This makes the index fully recoverable from the filesystem and is the escape hatch for bugs/migrations.


Implementation Plan (incremental)

Phase 1: Minimal FTS-backed search

  1. Introduce ISearchIndex abstraction and concrete SqliteSearchIndex implementation.

  2. Add SQLite dependency:

    • Use a cross-platform .NET SQLite provider (e.g. Microsoft.Data.Sqlite).
  3. Create schema migrations:

    • On startup, ensure DB file exists.
    • Apply or upgrade schema (simple versioning via a schema_version table).
  4. Add indexing integration:

    • Add a minimal internal representation of an entry for indexing (e.g. IndexableEntry).
    • Hook into write/update/delete paths to keep the index up to date.
  5. Implement tom search using FTS5:

    • Basic query string.
    • Optional --from, --to, --limit.

Phase 2: Rich filters and robustness

  1. Add filters for kind, storage_provider, has_audio, etc.
  2. Add tom index rebuild and possibly tom index vacuum.
  3. Introduce logging/telemetry around index operations (for debugging).
  4. Document usage and configuration in the README.
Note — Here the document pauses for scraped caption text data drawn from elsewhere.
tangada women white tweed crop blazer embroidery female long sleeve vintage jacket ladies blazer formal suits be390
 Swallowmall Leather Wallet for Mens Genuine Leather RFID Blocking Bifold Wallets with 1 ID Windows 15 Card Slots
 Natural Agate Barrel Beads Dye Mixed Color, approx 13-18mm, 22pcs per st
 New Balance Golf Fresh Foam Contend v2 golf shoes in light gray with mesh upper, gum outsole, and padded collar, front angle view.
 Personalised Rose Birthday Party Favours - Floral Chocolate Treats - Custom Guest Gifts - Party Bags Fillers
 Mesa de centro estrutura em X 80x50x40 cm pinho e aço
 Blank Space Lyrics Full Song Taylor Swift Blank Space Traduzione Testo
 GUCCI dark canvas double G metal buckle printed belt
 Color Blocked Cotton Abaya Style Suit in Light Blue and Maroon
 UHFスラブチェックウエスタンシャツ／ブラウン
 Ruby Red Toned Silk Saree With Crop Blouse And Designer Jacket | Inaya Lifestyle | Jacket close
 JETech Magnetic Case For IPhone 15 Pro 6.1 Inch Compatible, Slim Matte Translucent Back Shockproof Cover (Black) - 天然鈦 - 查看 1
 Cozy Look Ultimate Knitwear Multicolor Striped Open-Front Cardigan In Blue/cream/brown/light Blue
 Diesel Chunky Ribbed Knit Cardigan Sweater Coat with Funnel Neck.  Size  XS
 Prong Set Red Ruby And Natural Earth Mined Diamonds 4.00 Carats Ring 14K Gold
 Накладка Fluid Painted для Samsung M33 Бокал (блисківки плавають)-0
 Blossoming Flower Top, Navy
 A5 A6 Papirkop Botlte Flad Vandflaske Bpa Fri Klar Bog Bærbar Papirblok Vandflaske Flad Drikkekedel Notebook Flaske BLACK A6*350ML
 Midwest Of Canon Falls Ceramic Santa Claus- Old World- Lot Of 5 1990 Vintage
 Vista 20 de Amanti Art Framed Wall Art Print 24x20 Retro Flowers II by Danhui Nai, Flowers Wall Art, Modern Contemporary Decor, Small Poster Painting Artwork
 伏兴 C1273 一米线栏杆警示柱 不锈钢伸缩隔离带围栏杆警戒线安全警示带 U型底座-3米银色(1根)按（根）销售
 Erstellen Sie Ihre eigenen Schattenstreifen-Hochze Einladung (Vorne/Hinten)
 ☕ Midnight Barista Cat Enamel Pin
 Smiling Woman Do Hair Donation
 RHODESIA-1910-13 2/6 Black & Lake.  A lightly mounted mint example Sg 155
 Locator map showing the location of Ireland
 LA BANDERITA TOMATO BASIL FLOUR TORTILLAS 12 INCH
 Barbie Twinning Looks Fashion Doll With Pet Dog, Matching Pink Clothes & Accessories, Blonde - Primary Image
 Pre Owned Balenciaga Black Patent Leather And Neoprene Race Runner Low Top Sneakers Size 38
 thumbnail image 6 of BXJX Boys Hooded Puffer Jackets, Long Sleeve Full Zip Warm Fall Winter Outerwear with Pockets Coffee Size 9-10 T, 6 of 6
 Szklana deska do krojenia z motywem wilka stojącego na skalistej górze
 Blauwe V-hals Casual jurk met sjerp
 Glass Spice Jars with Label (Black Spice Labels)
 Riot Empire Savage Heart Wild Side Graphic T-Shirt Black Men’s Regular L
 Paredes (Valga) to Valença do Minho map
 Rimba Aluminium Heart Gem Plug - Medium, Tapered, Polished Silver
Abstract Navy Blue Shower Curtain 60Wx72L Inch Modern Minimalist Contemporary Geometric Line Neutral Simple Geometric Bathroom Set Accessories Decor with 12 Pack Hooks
Phase 3 (follow-up): Optional semantic/vector search

(Separate issue, once core index is stable.)

  • Add an entry_embeddings table using sqlite-vec or similar.
  • Define an embedding pipeline and configuration.
  • Extend ISearchIndex with SearchSemanticAsync.
  • Add --semantic flag to tom search.

Research & open questions

The following items need investigation and decisions before/during implementation.

1. SQLite provider & distribution

  • Which .NET SQLite library to standardize on?

    • Likely Microsoft.Data.Sqlite due to good cross-platform support and integration.
    • Confirm behavior on macOS, Linux, and Windows.
  • How to distribute it cleanly with the existing CLI packaging (Homebrew, etc.)?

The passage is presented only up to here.